Main Article Content
May 31, 2017
Abstract
The recent Biennial Conference of the IUFRO Landscape Ecology Working Party 8.01.02, entitled, "Sustaining humans and forests in changing landscapes: forest, society and global change" was held in Concepción, Chile from the 2nd to the 12th of November, 2012. This Working Party is coordinated by Jiquan Chen (University of Toledo, Ohio, USA) and seeks to promote and facilitate the application of landscape ecology concepts in the policies and practices of forested landscapes worldwide. It also encourages communication and interaction among scientists who have an interest in landscape ecology and forestry. For this purpose, the Working Party has gathered in seven places across the world: Slovenia, the United States, Canada, Japan, Italy, China and two years ago, Portugal. This year, it was the first time that the Working Party gathered further south in the southern hemisphere, and in particular, in Latin America.

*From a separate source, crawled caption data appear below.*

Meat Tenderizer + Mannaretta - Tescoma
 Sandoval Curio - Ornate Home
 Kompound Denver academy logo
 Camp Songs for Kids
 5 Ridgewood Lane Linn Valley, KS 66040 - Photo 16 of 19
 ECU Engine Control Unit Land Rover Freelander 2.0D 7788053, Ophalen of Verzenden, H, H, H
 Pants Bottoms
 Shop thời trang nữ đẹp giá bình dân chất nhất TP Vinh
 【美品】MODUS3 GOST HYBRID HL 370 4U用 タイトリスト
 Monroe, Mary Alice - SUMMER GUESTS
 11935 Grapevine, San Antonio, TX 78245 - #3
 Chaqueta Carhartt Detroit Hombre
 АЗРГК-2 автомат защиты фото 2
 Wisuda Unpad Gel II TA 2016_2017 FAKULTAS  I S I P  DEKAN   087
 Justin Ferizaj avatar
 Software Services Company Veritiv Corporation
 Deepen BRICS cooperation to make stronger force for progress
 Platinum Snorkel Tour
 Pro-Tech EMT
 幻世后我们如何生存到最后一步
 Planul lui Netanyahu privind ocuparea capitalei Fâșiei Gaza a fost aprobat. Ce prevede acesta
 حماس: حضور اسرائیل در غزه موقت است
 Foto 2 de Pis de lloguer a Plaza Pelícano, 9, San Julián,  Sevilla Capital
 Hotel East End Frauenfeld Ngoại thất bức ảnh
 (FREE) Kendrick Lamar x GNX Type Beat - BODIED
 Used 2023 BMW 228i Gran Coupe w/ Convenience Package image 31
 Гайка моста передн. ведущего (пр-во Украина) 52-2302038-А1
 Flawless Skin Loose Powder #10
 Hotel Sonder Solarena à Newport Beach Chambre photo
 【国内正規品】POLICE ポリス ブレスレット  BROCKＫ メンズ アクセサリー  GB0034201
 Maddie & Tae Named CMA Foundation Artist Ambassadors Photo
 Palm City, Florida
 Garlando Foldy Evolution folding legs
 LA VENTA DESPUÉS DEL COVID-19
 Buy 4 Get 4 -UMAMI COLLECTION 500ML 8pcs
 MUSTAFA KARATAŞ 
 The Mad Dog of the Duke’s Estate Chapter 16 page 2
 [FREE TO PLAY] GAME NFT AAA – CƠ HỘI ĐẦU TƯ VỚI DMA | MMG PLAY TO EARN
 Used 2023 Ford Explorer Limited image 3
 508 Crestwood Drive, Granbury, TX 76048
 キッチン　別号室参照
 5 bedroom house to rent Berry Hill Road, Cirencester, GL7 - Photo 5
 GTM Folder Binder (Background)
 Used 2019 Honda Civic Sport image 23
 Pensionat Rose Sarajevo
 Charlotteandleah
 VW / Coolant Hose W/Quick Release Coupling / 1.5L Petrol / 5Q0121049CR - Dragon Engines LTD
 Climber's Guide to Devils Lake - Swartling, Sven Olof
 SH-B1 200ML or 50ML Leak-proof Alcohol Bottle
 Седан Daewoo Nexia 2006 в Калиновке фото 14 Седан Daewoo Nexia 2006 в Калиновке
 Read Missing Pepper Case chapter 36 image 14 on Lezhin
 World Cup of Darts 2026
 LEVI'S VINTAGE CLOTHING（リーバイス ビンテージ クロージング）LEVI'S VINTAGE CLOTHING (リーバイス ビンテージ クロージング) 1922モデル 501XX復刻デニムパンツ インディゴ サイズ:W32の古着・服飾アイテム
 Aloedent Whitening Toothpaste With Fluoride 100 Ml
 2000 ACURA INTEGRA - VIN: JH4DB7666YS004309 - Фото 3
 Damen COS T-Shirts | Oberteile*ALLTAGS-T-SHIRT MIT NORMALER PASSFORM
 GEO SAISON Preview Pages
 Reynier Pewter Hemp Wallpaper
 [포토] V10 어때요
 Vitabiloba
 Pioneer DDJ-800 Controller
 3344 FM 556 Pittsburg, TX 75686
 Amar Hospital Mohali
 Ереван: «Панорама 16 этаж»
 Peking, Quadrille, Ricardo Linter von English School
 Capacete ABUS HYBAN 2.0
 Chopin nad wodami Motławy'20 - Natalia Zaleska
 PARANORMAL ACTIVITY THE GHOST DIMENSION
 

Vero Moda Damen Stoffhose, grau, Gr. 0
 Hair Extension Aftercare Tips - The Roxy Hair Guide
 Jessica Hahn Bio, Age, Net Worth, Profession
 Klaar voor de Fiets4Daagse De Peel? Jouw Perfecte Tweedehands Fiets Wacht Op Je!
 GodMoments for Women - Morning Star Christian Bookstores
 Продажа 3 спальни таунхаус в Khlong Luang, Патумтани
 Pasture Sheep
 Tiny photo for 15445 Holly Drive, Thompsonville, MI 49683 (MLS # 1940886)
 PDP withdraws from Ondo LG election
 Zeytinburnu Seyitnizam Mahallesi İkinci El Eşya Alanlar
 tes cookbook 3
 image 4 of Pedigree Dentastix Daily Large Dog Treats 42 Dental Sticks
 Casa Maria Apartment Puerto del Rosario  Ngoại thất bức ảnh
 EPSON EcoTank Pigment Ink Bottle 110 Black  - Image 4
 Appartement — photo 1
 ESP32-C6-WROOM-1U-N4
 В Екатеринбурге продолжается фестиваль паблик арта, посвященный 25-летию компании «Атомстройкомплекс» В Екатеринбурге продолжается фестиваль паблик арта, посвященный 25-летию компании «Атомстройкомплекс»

The region offers new challenges to forest landscape ecology due to its tremendous heterogeneity of ecosystems and diverse socioeconomic conditions. South American forests represent a large fraction of the world's biodiversity and, in turn, are characterized by progressive deforestation and degradation.
During the 2012 Conference, we received diverse types of scientific contributions such as keynote speakers' plenaries, symposia, oral presentations, posters and short manuscripts for publication in an 'ISI' journal. The contributing topics ranged from forest landscape management to studies on spatial patterns and ecological processes including the effects of climate change and landscape planning. These studies were conducted in diverse, contrasting landscapes, from the sub-Antarctic forests in Cape Horn, Chile to the Siberian forests, including landscapes from Brazil to Australia and Turkey.
It is our major interest to promptly divulgate these works through publication in an open-access scientific journal that is widely known in Latin America. With this goal, the Issue 33(3) of the Bosque Journal is dedicated to the publication of the short manuscripts accepted by the conference's scientific committee. The scientific committee was formed by Louis Iverson (Chair, USDA Forest Service, USA), João Azevedo (Instituto Politécnico de Bragança, Portugal), Jean Paul Metzger (Universidade de Sao Paulo, Brazil), Sandra Luque (IRSTEA, France), Ajith Perera (Ontario Ministry of Natural Resources, Canada), Guillermo Martinez Pastur (Centro Austral de Investigaciones Científicas, Argentina), Damasa Magcale-Macandog (University of the Philippines Los Banos, Philippine) and Jan Boegart (Universite Libre de Bruxelles, Belgium). The process of publication was coordinated by Laura Nahuelhual (Universidad Austral de Chile), who is a member of the conference's organizing committee.